Output range, inclusive: from the line containing "2024 TOYOTA COROLLA LE photo 8" to the line containing "പിരിയാമെന്ന് കാമുകൻ, ക്രോധമടക്കാനായില്ല, ജില്ലാ". Restate those lines from the data below word for word and only those.

[Recorded data]
Segment Open

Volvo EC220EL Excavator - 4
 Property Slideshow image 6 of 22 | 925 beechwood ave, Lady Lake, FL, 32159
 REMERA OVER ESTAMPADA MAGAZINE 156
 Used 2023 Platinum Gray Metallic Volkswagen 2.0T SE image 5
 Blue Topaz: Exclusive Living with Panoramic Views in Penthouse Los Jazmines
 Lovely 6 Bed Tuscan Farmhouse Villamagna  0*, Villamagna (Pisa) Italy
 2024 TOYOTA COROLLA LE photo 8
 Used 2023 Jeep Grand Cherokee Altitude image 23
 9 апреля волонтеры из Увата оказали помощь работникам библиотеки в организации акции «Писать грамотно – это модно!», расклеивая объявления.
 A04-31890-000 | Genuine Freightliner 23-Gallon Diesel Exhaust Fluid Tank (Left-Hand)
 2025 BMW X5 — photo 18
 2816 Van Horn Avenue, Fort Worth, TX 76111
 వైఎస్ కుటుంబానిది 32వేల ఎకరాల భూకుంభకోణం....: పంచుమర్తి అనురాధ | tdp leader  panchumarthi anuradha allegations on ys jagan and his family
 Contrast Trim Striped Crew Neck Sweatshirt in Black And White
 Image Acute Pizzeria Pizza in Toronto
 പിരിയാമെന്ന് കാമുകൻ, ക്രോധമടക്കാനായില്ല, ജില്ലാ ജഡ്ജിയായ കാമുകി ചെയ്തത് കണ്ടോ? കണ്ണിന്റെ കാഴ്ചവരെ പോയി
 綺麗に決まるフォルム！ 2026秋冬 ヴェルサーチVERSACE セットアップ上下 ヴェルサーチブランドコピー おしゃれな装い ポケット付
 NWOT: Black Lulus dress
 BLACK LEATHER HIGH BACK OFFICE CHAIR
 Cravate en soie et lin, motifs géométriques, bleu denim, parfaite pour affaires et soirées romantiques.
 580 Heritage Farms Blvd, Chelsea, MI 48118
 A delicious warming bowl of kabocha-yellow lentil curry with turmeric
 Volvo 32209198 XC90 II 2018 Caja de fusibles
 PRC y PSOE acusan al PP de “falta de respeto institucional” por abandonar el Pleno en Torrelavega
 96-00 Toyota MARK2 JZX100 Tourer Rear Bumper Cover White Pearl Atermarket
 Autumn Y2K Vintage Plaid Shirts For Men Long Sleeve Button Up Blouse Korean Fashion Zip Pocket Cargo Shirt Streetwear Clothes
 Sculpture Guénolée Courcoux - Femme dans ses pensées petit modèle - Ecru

Segment Closed

-- Written answer --
 2024 TOYOTA COROLLA LE photo 8
 Used 2023 Jeep Grand Cherokee Altitude image 23
 9 апреля волонтеры из Увата оказали помощь работникам библиотеки в организации акции «Писать грамотно – это модно!», расклеивая объявления.
 A04-31890-000 | Genuine Freightliner 23-Gallon Diesel Exhaust Fluid Tank (Left-Hand)
 2025 BMW X5 — photo 18
 2816 Van Horn Avenue, Fort Worth, TX 76111
 వైఎస్ కుటుంబానిది 32వేల ఎకరాల భూకుంభకోణం....: పంచుమర్తి అనురాధ | tdp leader  panchumarthi anuradha allegations on ys jagan and his family
 Contrast Trim Striped Crew Neck Sweatshirt in Black And White
 Image Acute Pizzeria Pizza in Toronto
 പിരിയാമെന്ന് കാമുകൻ, ക്രോധമടക്കാനായില്ല, ജില്ലാ ജഡ്ജിയായ കാമുകി ചെയ്തത് കണ്ടോ? കണ്ണിന്റെ കാഴ്ചവരെ പോയി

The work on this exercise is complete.